Captioned web images

########################################

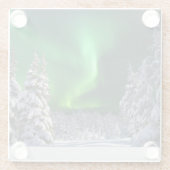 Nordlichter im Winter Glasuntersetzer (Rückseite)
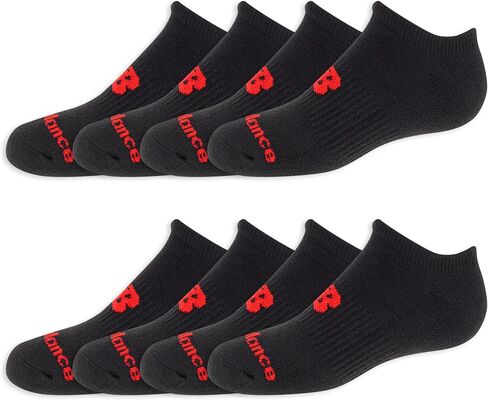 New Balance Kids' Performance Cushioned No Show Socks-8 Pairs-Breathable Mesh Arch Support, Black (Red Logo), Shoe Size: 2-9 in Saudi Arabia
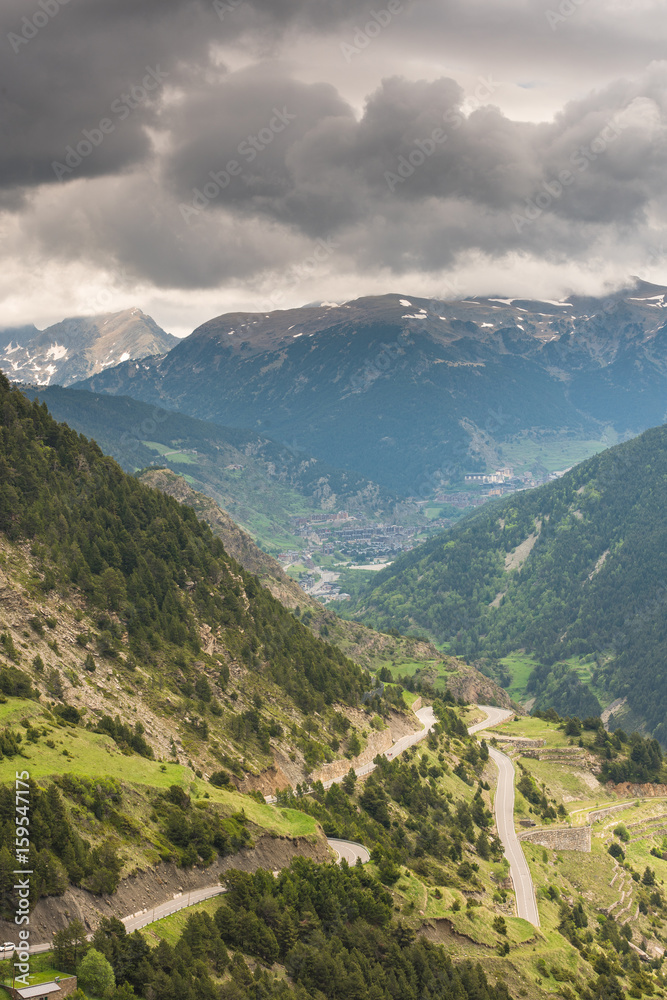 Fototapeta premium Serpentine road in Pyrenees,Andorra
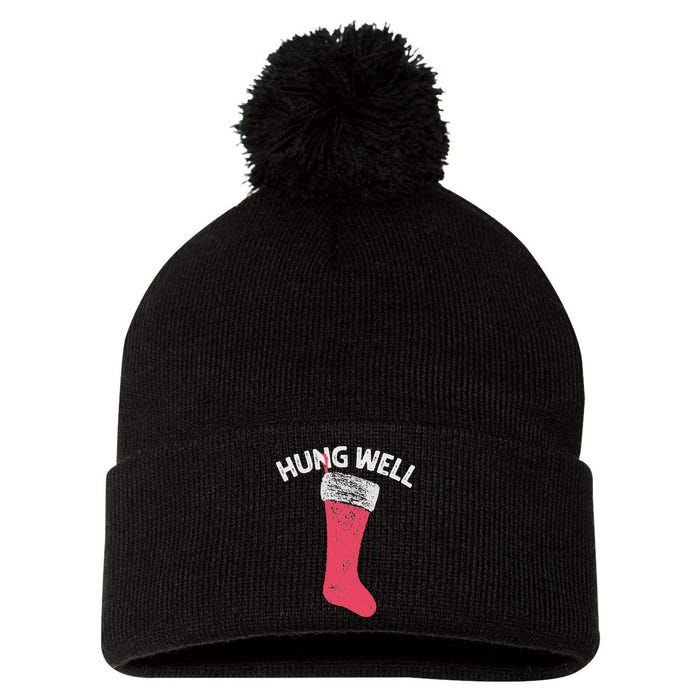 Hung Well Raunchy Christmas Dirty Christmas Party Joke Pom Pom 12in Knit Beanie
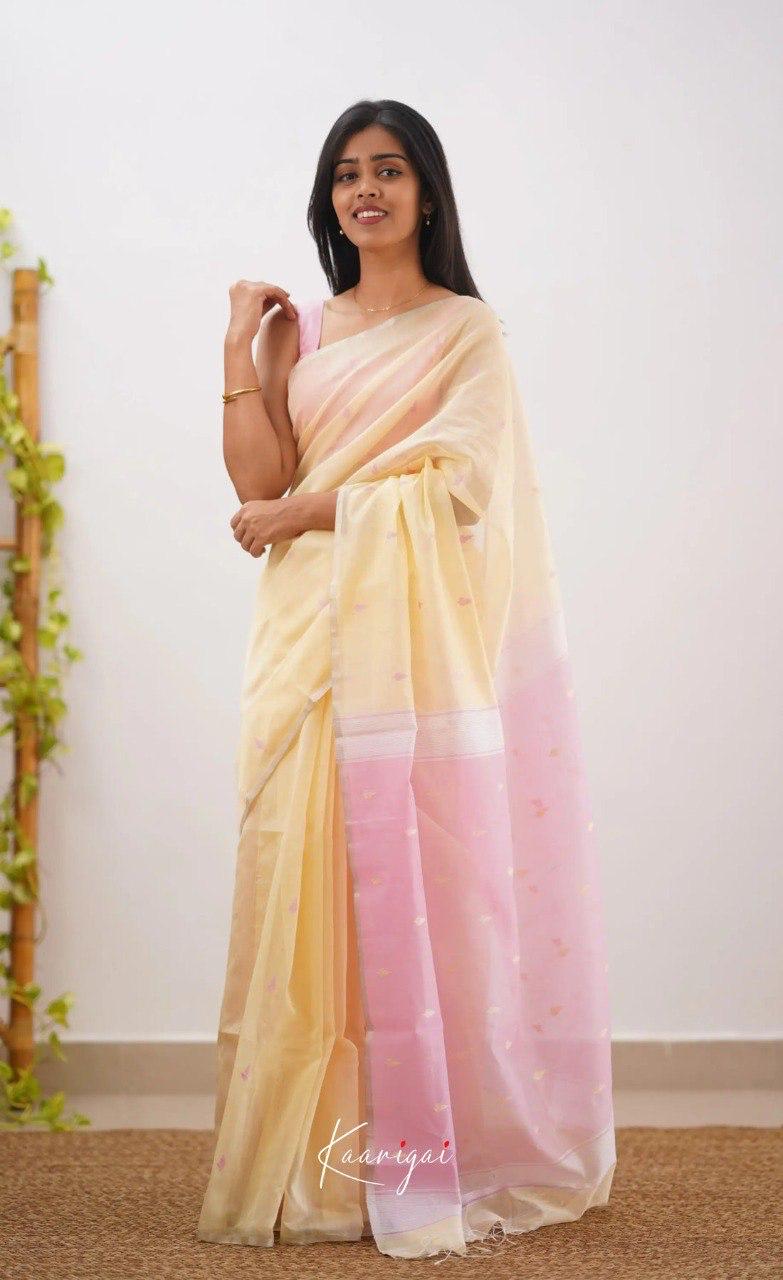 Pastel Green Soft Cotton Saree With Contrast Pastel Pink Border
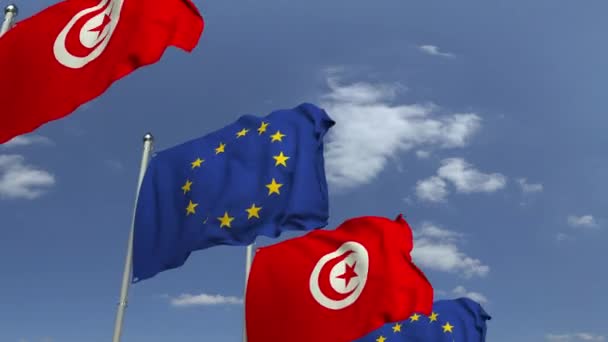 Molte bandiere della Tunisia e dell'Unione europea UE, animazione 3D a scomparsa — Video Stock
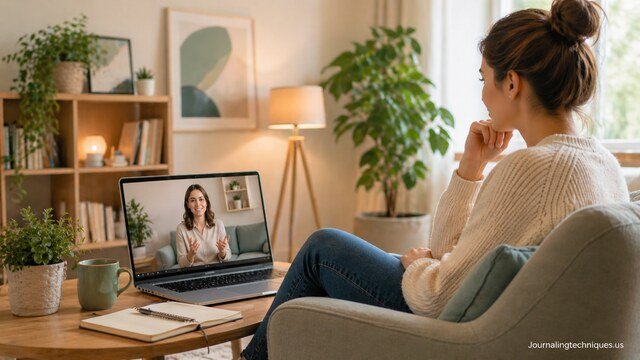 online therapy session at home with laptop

########################################

▶ Description of the task
Give the entries above again word for word, without any pictures.

▶ Result
 Nordlichter im Winter Glasuntersetzer (Rückseite)
 New Balance Kids' Performance Cushioned No Show Socks-8 Pairs-Breathable Mesh Arch Support, Black (Red Logo), Shoe Size: 2-9 in Saudi Arabia
 Fototapeta premium Serpentine road in Pyrenees,Andorra
 Hung Well Raunchy Christmas Dirty Christmas Party Joke Pom Pom 12in Knit Beanie
 Pastel Green Soft Cotton Saree With Contrast Pastel Pink Border
 Molte bandiere della Tunisia e dell'Unione europea UE, animazione 3D a scomparsa — Video Stock
 online therapy session at home with laptop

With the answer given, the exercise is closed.